Beliefnet
The other night at a family dinner I heard words that would be music to the ears of the Democratic National Committee. My mother-in-law, an evangelical Christian, lifelong Republican, and faithful voter, wondered aloud whether Christians ought to do away with their SUVs in the name of stewarding God's creation. Then she wondered whether Christians should "shop more thoughtfully," supporting local business and darkening Wal-Mart's door less often. Making sense of herself and her new thinking, she uttered a shocking sentiment: "I dunno. Maybe I'm becoming a Democrat."

She's more likely becoming a Crunchy Con, if not a Red Letter Christian. What she's most certainly not—and would not be even if her politics were not undergoing reconsideration—is a theocrat. She, like countless other evangelical Christians, voted for George W. Bush twice and has put faith in his policies. She wishes America were more God-fearing and moral. She appreciates some public Christian figures and is ambivalent about others. But she, like many of her fellow evangelicals, doesn't hope for theocracy, and she is embarrassed by the Christians who do.

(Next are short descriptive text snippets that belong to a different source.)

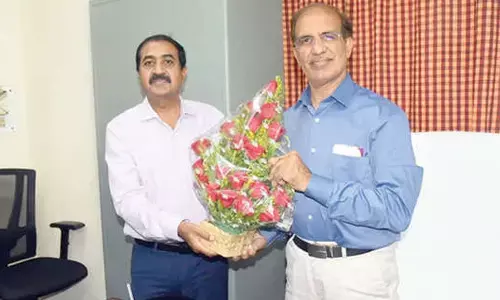 Rajinder Chaudhry, who assumed charge as Additional Director General of Press Information Bureau for AP region, receiving bouquet from PIB Director Dr GD Hallikeri in Vijayawada on Monday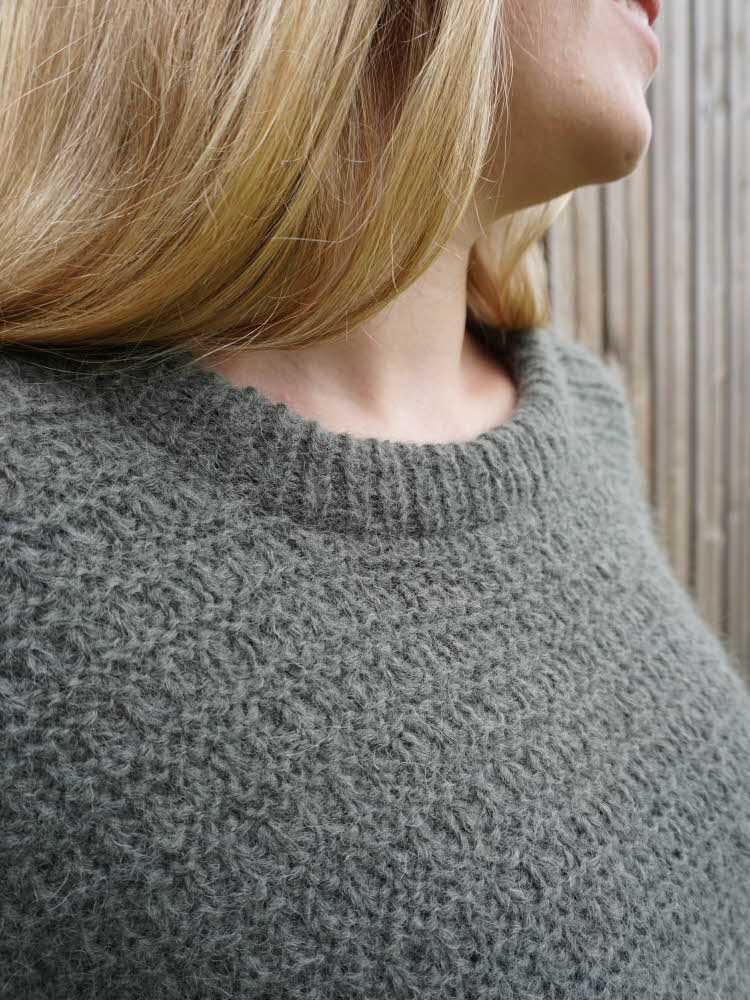 Nærbilde av grønn strikket genser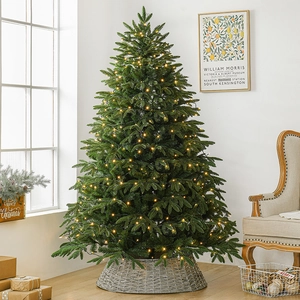 Luxury green PE mixed Christmas tree with warm LED lights and wicker base for holiday decor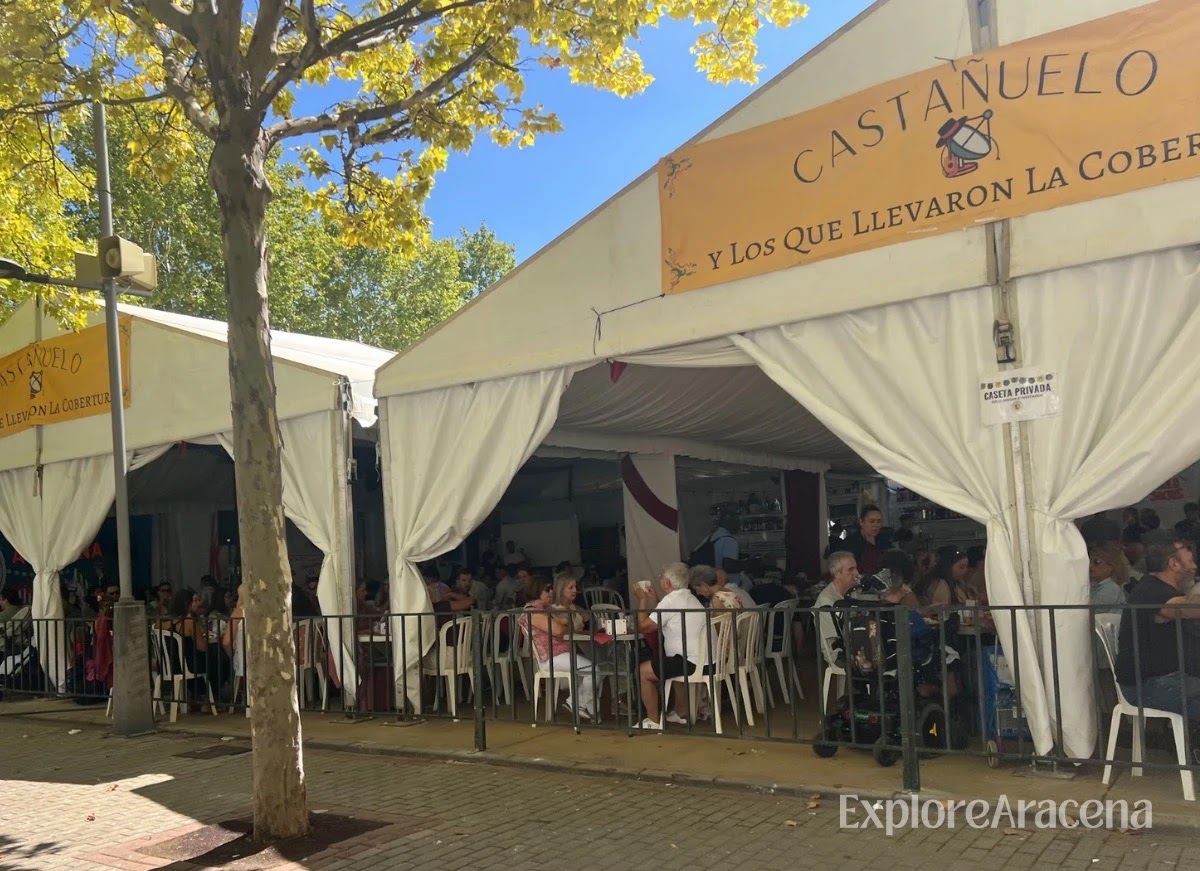 Busy casetas filled with visitors during the daytime Feria de Aracena celebrations.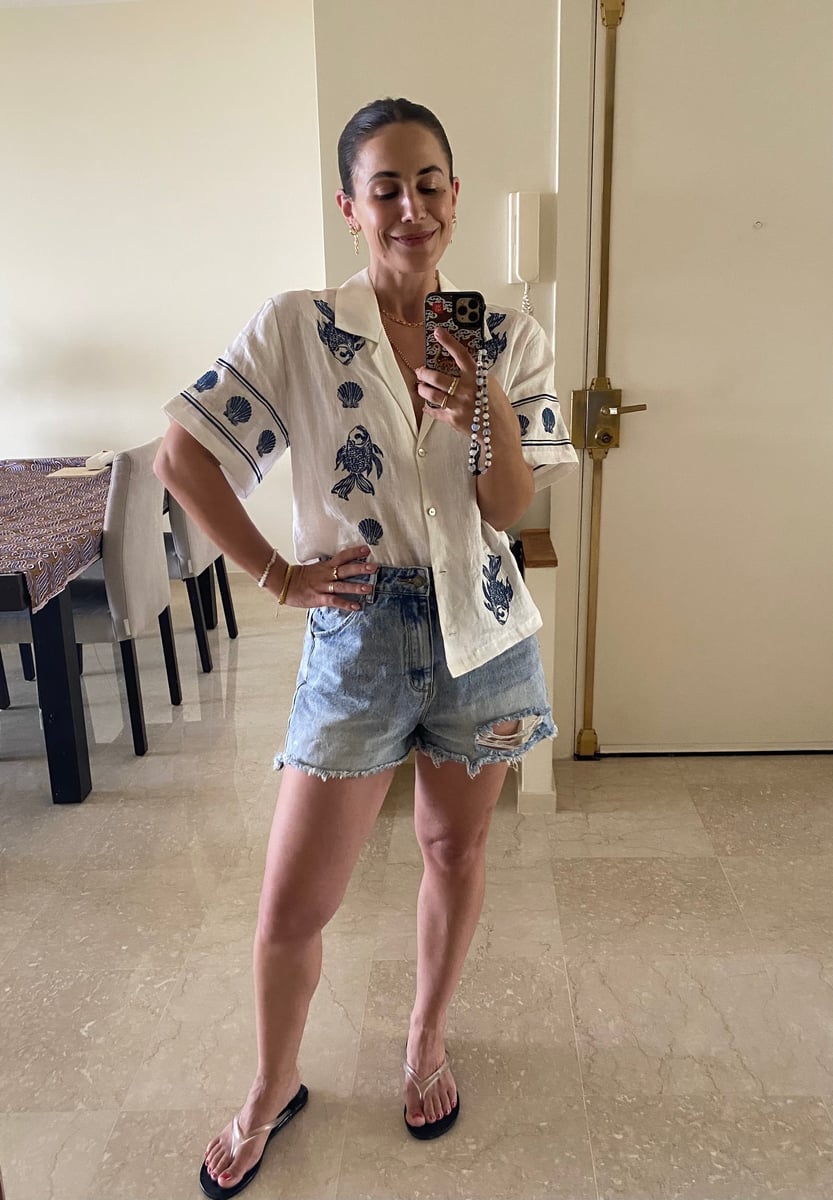 Writer wears clear flip flops with denim shorts.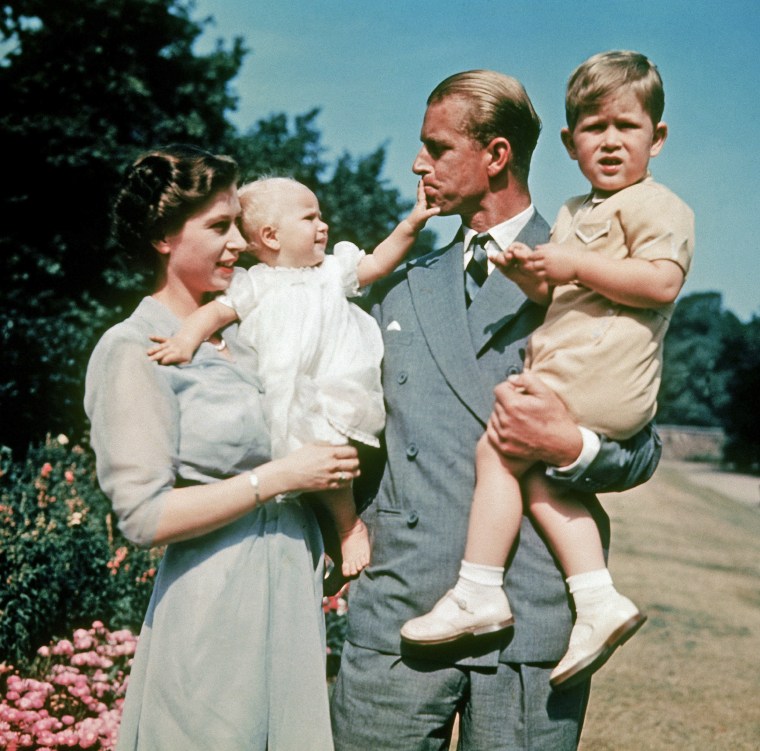 Image: Princess Anne in the arms of her mother Queen Elizabeth II while Prince Philip holds Prince Charles in 1951.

This year, the New Releases section of your local bookstore would like to suggest otherwise. A quick scan of current titles posits a country at the brink of theocratic takeover by the Christian Right: “The Left Hand of God” by Michael Lerner, “American Theocracy” by Kevin Philips, “Kingdom Coming” by Michelle Goldberg, “Thy Kingdom Come” by Randall Balmer, “Why the Christian Right Is Wrong” by Robin Meyers, and a litany of other titles offer a clarion call against the coming Christian storm. Their warning? That America is under threat by Christian nationalists. Fundamentalists are consolidating power, gaining influence, and are poised to cleanse the country of a host of sins, from homosexual unions to a multi-party political system. These would-be tyrants believe the United States is meant to be a nation under God, and they're willing to make it so by force.

Given the seriousness of the situation, the authors of these books are not just reporting; they are on a mission to steer the nation from the Highway to Heaven and back toward . . . what? The Clinton era? The 1960s? It's hard to say exactly, but the books all exude the fear that something went dreadfully wrong when the Moral Majority formed in the late 1970s, and the nation has been headed for Christian totalitarianism ever since.

Cleary, the reelection of George W. Bush in 2004 has inspired a cottage industry of complaint, just as the tense reign of Bill Clinton in the 1990s helped inspire and sell conservative books (and launch the FOX News network). With these books appearing one after the other in a swelling army of criticism against the Religious Right, it's tempting to see them all as basically the same book. Their uniformly shrill titles and subtitles ("How the Religious Right Distorts the Faith and Threatens America," bellows Balmer's) convey the sense of variations on a theme, and indeed, the books have a great deal in common in addition to hysterics.

Last summer, Ross Douthat excoriated a host of these titles in the conservative Catholic journal “First Things,” taking them to task for sniffing out theocracy where none exists and for neglecting to mention the role the Democratic Party played in the formation of the Religious Right. (Douthat and others argue that the Right became Religious only after the Left became Anti-Religious, or at least "self-consciously secular.") The problems don’t end there. In assessing the seriousness of the theocratic threat, the anti-Religious Right books overestimate the influence of some Religious Right leaders (Pat Robertson, Jerry Falwell) whose time has passed. They frequently reveal embarrassing religious ignorance, especially in their failure to notice or make sense of some of the biggest phenomena in evangelicalism. You'll find little mention of megachurches or evangelical small group systems, and little notice that evangelicalism is in a Norman Vincent Peale stage, with politically innocuous books like Joel Osteen's “Your Best Life Now” flying off the shelves.